L’un des principaux obstacles à l’adoption globale des critères ESG est l’absence de données mesurables. Les considérations ESG sont des notions à géométrie variable qui couvrent de nombreux domaines, allant de la diversité jusqu’au respect de la vie privée, en passant par les pratiques managériales. À ce jour, il n’existe pas de standardisation des critères ESG permettant aux investisseurs de comparer différentes entreprises. De plus, l’écrasante majorité des données ESG est fournie par les entreprises elles-mêmes lors de leurs rapports annuels, ce qui crée d’importantes différences d’une entreprise à l’autre.
Grâce aux efforts conjoints des acteurs publics et privés, d’importants progrès ont été réalisés en matière de communication sur les considérations ESG. Les Principes pour l’Investissement Responsable de l’ONU, tout comme la Global Reporting Initiative (GRI) et le Sustainability Accounting Standards Board (SASB), aident les entreprises à comprendre les enjeux ESG et à communiquer sur des questions telles que le changement climatique ou la diversité des sexes au sein des entreprises.
En avril 2021, les Nations unies ont publié un guide technique visant à favoriser l’implémentation des principes d’investissement responsable dans le secteur du capital-risque. Ce guide établit des lignes directrices pour intégrer les considérations ESG dans le processus d’investissement des capital-risqueurs à travers des questionnaires de due diligence relatifs aux critères ESG et à la création d’un cadre de reporting post-investissement.
En parallèle, des fournisseurs de données tels que Refinitiv et Morningstar proposent maintenant des analyses mesurant l’impact des décisions des entreprises sur l’efficacité opérationnelle et l’orientation stratégique de ces dernières. Ces métriques ESG sont le résultat de la collecte et de l’analyse d’une myriade de données tirées des rapports annuels des entreprises. La plateforme Dealsuite propose sa propre classification ESG du marché des entreprises de taille intermédiaire. Cela permet aux investisseurs de déceler des opportunités de marché, d’identifier les entreprises cibles qui correspondent à leurs objectifs d’investissement responsable, mais aussi d’utiliser l’algorithme de sélection de la plateforme afin de garantir l’adéquation de l’entreprise cible avec les critères ESG de l’investisseur.
Au-delà des enjeux de standardisation des données, les priorités de développement durable varient considérablement d’une entreprise à l’autre en fonction du secteur, mais aussi des investisseurs. L’utilisation d’une plateforme comme Dealsuite permet de se concentrer sur les critères ESG les plus pertinents pour votre structure.
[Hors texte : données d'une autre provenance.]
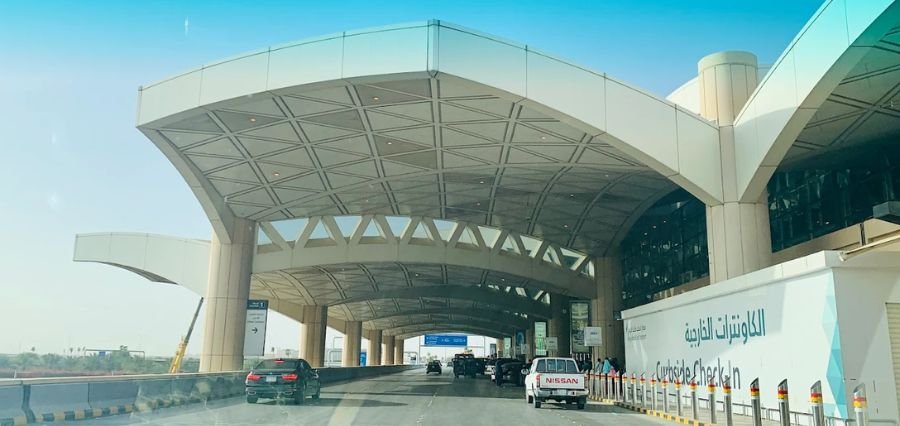 Read more about the article Riyadh Airport Leads Saudi Skies with 90% On-Time Departures in April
L’attention croissante portée aux critères ESG favorise la sélection naturelle. Les entreprises dépourvues d’une stratégie ESG concrète et viable tomberont rapidement en désuétude. Dans la dernière étude de PwC, 72 % des personnes interrogées affirment qu’elles analysent les entreprises cibles sous le prisme des risques et des opportunités de développement durable et 50 % des répondants déclarent avoir mis fin à une potentielle opération du fait de considérations ESG.
Au fur et à mesure que les considérations ESG gagnent en importance, les vainqueurs seront ceux qui seront en mesure de les utiliser comme un élément de différenciation, en intégrant les principes ESG dans le processus de due diligence, dans les stratégies de création de valeur et dans les stratégies de sortie.